Using the Cloudflare plugin with WordPress
WordPress is a free and open-source content management system. Many WordPress sites use Cloudflare to increase site speed with our free CDN and protect site resources with our security features.
After creating a Cloudflare account and adding a website, using Cloudflare with WordPress requires installing the Cloudflare plugin and configuring security and performance settings.
Before getting started
Before adding your WordPress site to Cloudflare,
- Create a Cloudflare account. You can also learn more about how to get started with Cloudflare in our Cloudflare 101 documentation.
- If you self-host an Apache server, download mod_remoteip to ensure that your IP address is logged correctly in both Apache logs and web applications.
- Add all Cloudflare IPs to an allowlist to avoid rate-limiting or blocking.
Activate the WordPress Plugin
The Cloudflare plugin for WordPress allows you to ensure your site is running optimally on the WordPress platform.
To install and activate the plugin,
- Log in to the WordPress dashboard.
- Navigate to Plugins.
- Search for ‘Cloudflare’, and click Install.
- Click Activate Plugin.
After installing the Cloudflare WordPress plugin, to configure plugin settings,
- Click Settings and choose the Cloudflare plugin.

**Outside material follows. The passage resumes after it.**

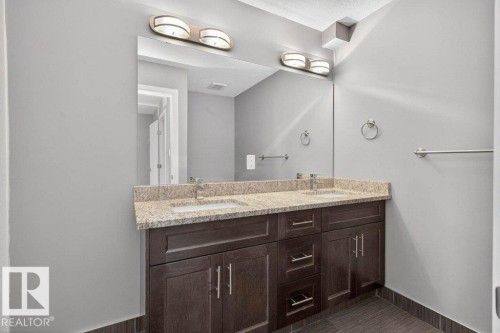 7909 105 Avenue Nw, Edmonton, AB - Indoor Photo Showing Bathroom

The Cloudflare login page appears.
- Enter your Cloudflare login credentials, including your email and Cloudflare API key, then click Save API Credentials.
- For more information about the API key and how to retrieve it, review our documentation.
After configuring the Cloudflare WordPress plugin, customize your Cloudflare configuration with the following features to further improve security and performance:
- Navigate to the Firewall app in the Cloudflare dashboard, then the Managed Ruleset tab, and toggle the Cloudflare WordPress rule to On
- Cache Static HTML with Cloudflare Page Rules
- Optimize images with Polish and Mirage
- Enable HTTP/2
In the event you cannot go back into your wp-admin area, in order to recover access, please perform any of the following:
- If you can access your wp-admin area, disable the Cloudflare plugin and/or upgrade it to v3.8.2
- If not, ssh into your server and delete the plugin directory, located at ../wp-content/plugins/cloudflare, after which you can reinstall your plugin and your settings will be preserved.
- Restore a website backup from your hosting provider dashboard
Delete the plugin from the hosting provider “file manager” from inside your cPanel (Plesk)
- Path to navigate to the plugin inside your FTP folders is: wp-content -> plugins -> cloudflare
Also as of WordPress 5.2, if WordPress is able to send emails, on a critical error, it will send the site owner a link to recovery mode which disables all plugins.